_Task_
Reproduce all of the data word for word.

_Material provided_

▶

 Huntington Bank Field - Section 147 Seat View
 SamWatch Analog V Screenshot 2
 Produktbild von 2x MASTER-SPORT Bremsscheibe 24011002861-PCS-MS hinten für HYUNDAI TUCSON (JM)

◀

_Response_
 Huntington Bank Field - Section 147 Seat View
 SamWatch Analog V Screenshot 2
 Produktbild von 2x MASTER-SPORT Bremsscheibe 24011002861-PCS-MS hinten für HYUNDAI TUCSON (JM)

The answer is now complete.